Я привел пример другого авиалайнера – удлиненного DC-8. Это вариант авиалайнера DC-8, надставленный на одиннадцать метров при помощи двух дополнительных сегментов: шесть метров в переднем фюзеляже и пять – в хвостовом. Это был DC-8 с двумя гомеозисными мутациями. Каждый ряд кресел в дополнительных частях фюзеляжа – с откидными столиками, лампочками, вентиляторами, кнопками вызова, разъемами для наушников и всем прочим – можно представить как новые сегменты, дублирующие те, что были до мутации.

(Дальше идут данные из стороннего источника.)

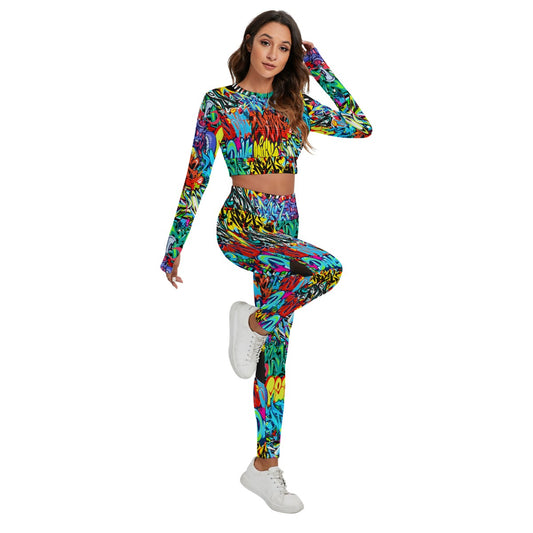 Graffiti Style Women's Sport Set With Backless Top And Leggings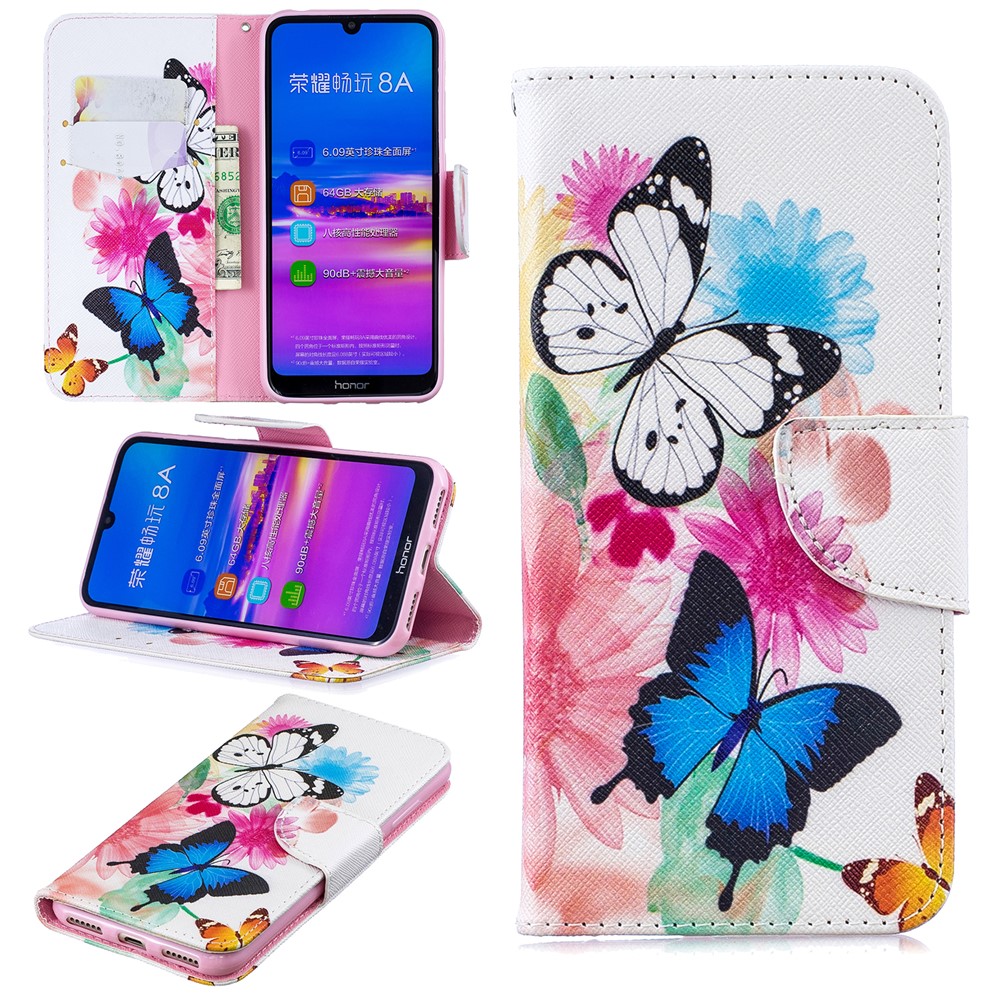 Pattern Printing PU Leather Flip Cover for Huawei Honor 8A - Butterflies and Flowers-1
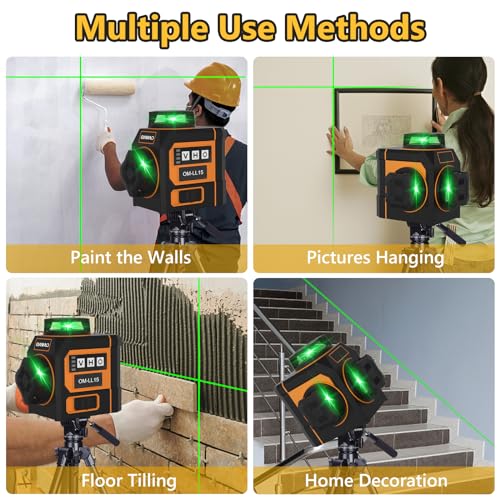 OMMO Laser Level, 12 Lines Green Laser Level 360 Self-leveling, 3x360° 3D Green Cross Line Laser Swivel Level with Rotatable Laser Window Battery and Remote Control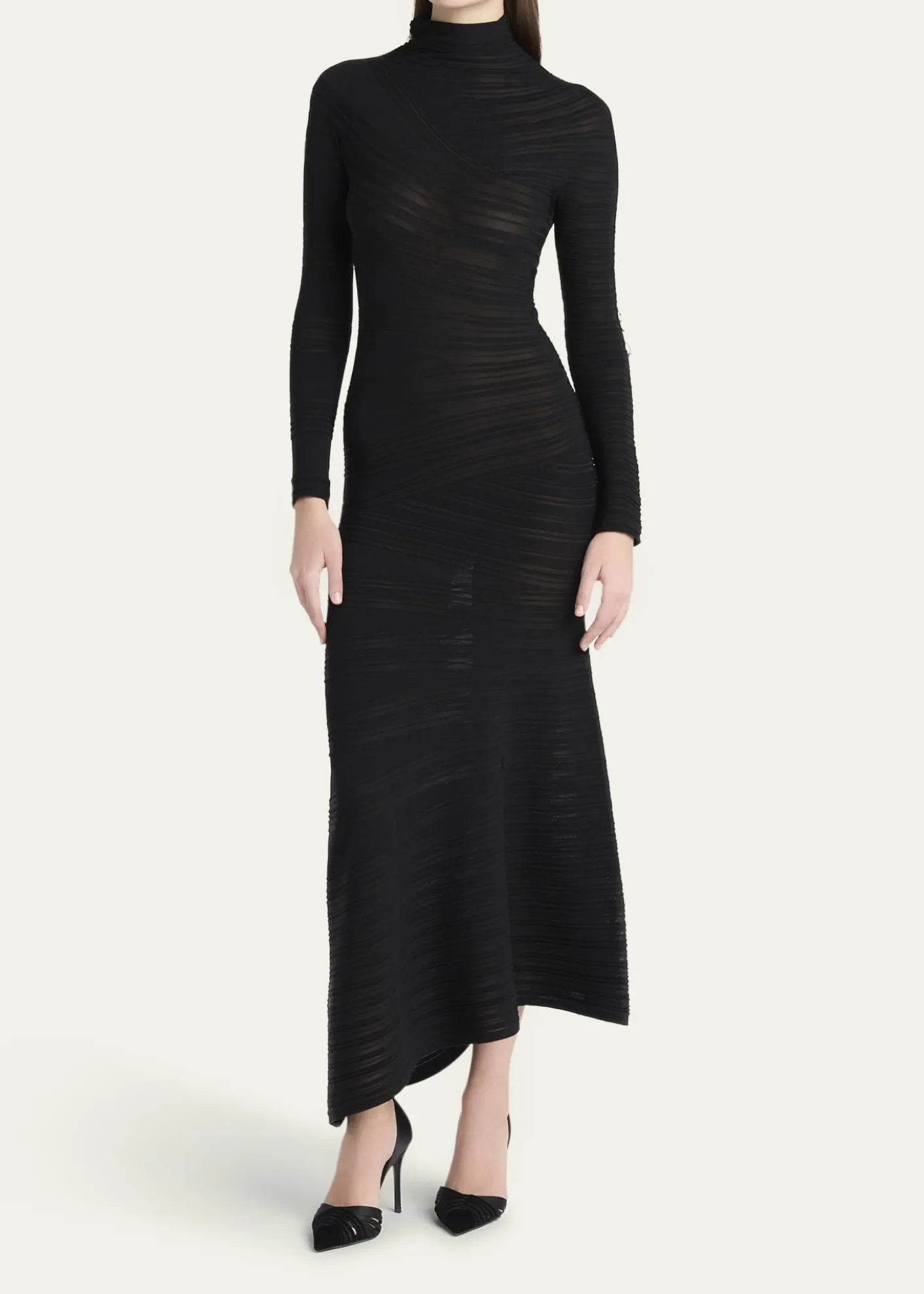 Giorgio ArmaniAsymmetric Tonal Striped Jersey Mock-Neck Midi Dress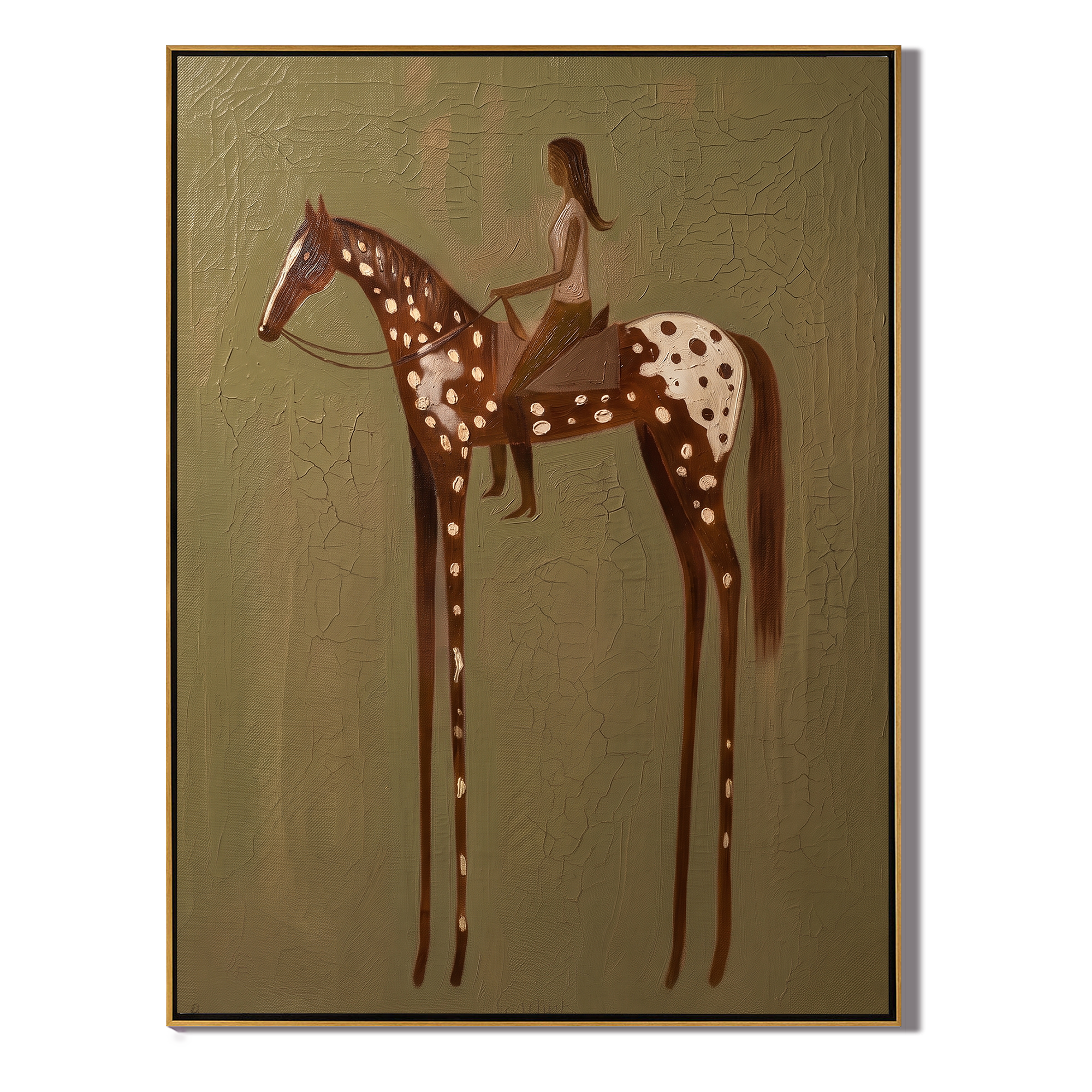 Woman Rides Through Spots — brown modern figurative vintage americana art, set of 2 hand-painted canvas art – view 1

Мой биологический аргумент состоял в том, что есть фундаментальное препятствие для возникновения в единовременном мутационном скачке радикально нового, сложного животного или сложного органа (“Боинга-747”, по Хойлу), но нет принципиальных препятствий для повторения целых сегментов – неважно, насколько сложны эти сегменты (мой DC-8). Нельзя изобрести позвонок ни с того ни с сего. Но если один позвонок уже есть, то возникновение второго за одну мутацию не исключено. Эмбриологическая машинерия, способная произвести один сегмент, может выдать и два, и десять. И теперь мы даже понимаем стоящий за этим гомеозисный механизм.